I think it is a good thing that the divide is becoming more clear. This is long overdue, and it gives us an opportunity to face it and overcome it.
The party keeps hanging out a sign: "we welcome the poor, the downtrodden, the forgotten and abused." Then when we try to come in, we hear all of the complaints about how we are ruining the expensive carpet with our muddy boots. That is where the divide is - the elegant carpet proponents, and those wearing muddy boots. The party needs to get rid of the carpet, or take down that sign. Soon, it will do one or the other. There are a thousand muddy boots people for every elegant carpet person, and that is where the future lies. As it is now, the carpet people control the party and the discussion at all levels. That is why half of the voters don't vote at all, and why half of the rest of the voters are lured away to vote Republican.
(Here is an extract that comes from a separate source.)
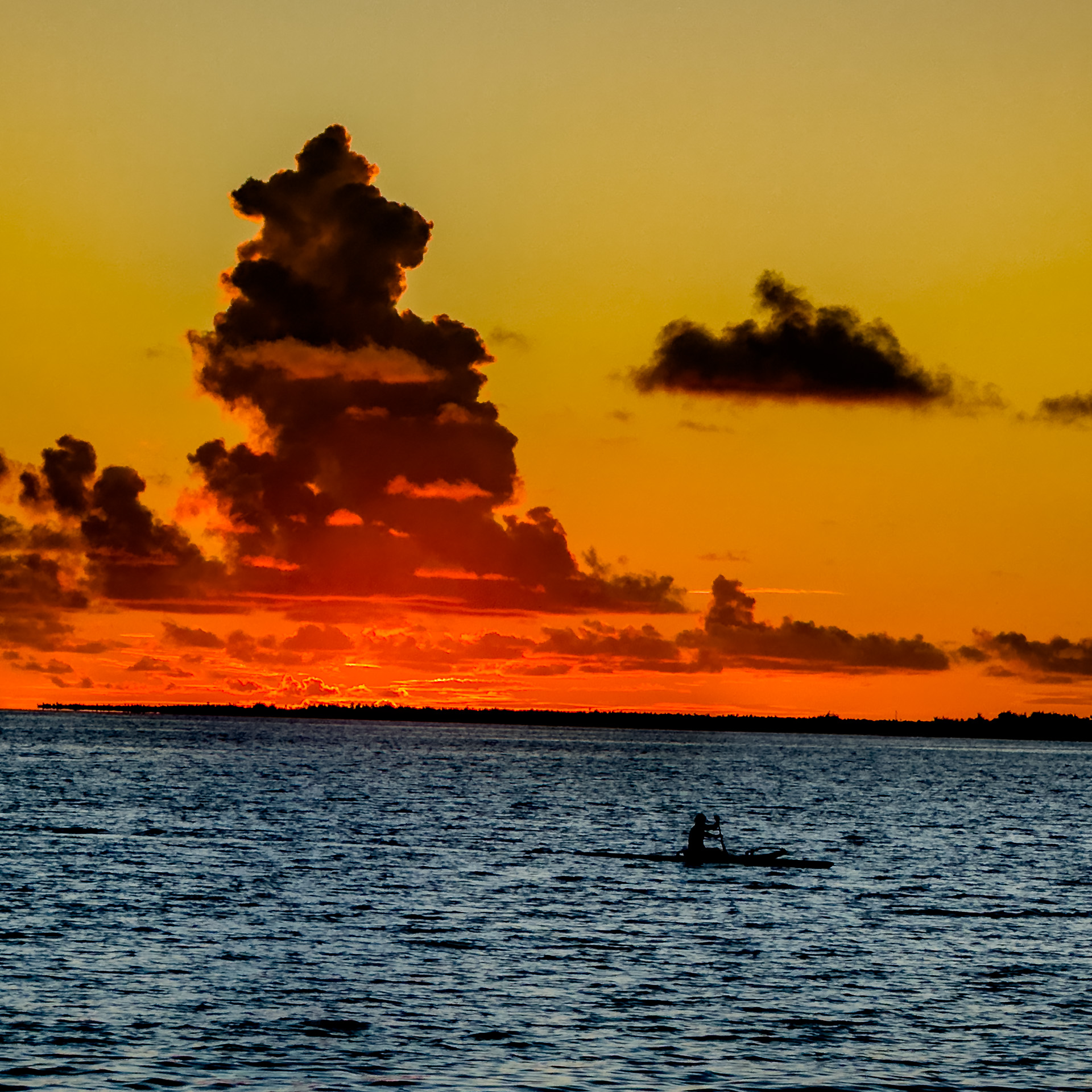 A person kayaking on a calm ocean at sunset, with vibrant orange and yellow hues in the sky and dramatic clouds on the horizon.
The FDR administration was the muddy boots party, and people in West Virgina were not excluded. In the context of that big tent - inclusive, but focused tightly on a very radical and uncompromising position - all of the social issues can be advanced. In a context of cultural war social issues we lose on the social issues, and we lose on the issues of power and economics. The way we are approaching it now, we are forced to either have a small tent or compromise on principle. That is a lie. Standing on principle would expand the tent, and failing to stand on principle shrinks it.